Ryan: Both of our organizations have seen people starting to move from the data sciences world into the adoption of mathematical optimization as a related discipline. Are there specific industries or markets where you see that happening more? Is there a ramp-up happening where we have this disciplinary activity?
Jerry: Yes, particularly for the data science community. There are very well-established methods, practices, models, and things that you can use to get started.
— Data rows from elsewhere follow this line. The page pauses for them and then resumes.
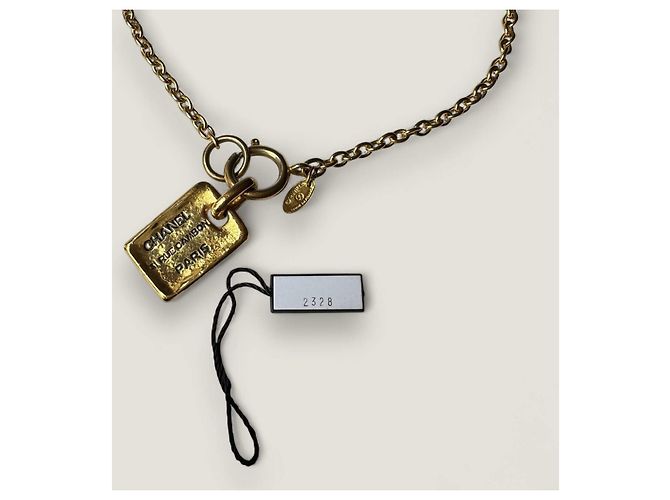 Collana vintage Chanel 31 Rue Cambon D'oro - vista 12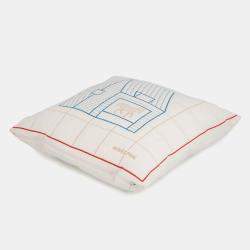 Pre Owned Hermes Bag Cushion Blue Bread Size 43X43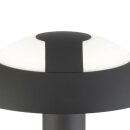 Searchlight Mushroom LED Outdoor Post - Dark Grey & Opal Diffuser, IP44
But again, there's this lack of awareness on the data science part and a lack of good communication on the operations research part. It's not just the data science people's fault for not discovering this technique. That’s a factor, but there has also been poor marketing, from an operations research perspective, of what this can do.
Things like supply chain planning and logistics are the bread and butter capabilities of mathematical optimization. Within those contexts, there are people working on supply chain, but they're doing purely demand forecasting, leaving the decision-making to spreadsheets or others. Previous best practices, where there's a ripe opportunity to combine the two, that's where we see a lot of great success.
Price optimization might also be the next big thing because of some of the open source projects available, integrating machine learning models into optimization models. There’s a great opportunity to leverage that integration within price optimization.
Ryan: I've done a few projects now with Gurobi machine learning, and there were two shocking things to me: One was just how easy it is to take scikit-learn, PyTorch, and other kinds of models, and just plug 'em into a MIP. It really does feel magical. The other is that I had never considered doing this before I learned about it. It's interesting to me that we pick up our Wayne Winston or our Hill Lieberman books, and this isn't something that we're taught to do, or at least not traditionally.
Can you talk a little bit about why Gurobi is investing time in this now? What makes this the right time for these tools?
Jerry: A lot of new things that come about stem from work in academia. “Hey, this would be a cool thing to try and do.” That started about five or six years ago with a few published papers, and that's where people on the Gurobi side started to gain a bit of interest. But a lot of those papers and those instances were very specially built, such as with Python packages, or with specially-built tools to solve a specific thing. There wasn't a broader framework to help. It was part of our motivation to bring all of that under one umbrella.
The technology and solvers that exist, particularly our solver, Gurobi, we feel great about, obviously. Technology and hardware have improved to the point where you can actually incorporate a trained machine learning model into a MIP or into an LP, and it can drastically increase the size of your problem. That's just how it works. It’s gotten to a place where it's cool if that happens, and it's not a big deal. It becomes more tractable. That's the natural progression of operations research, and MIP in particular, because the technology finally caught up. Now we can actually do this.
Ryan: This definitely seems to be the trend: bigger models, faster.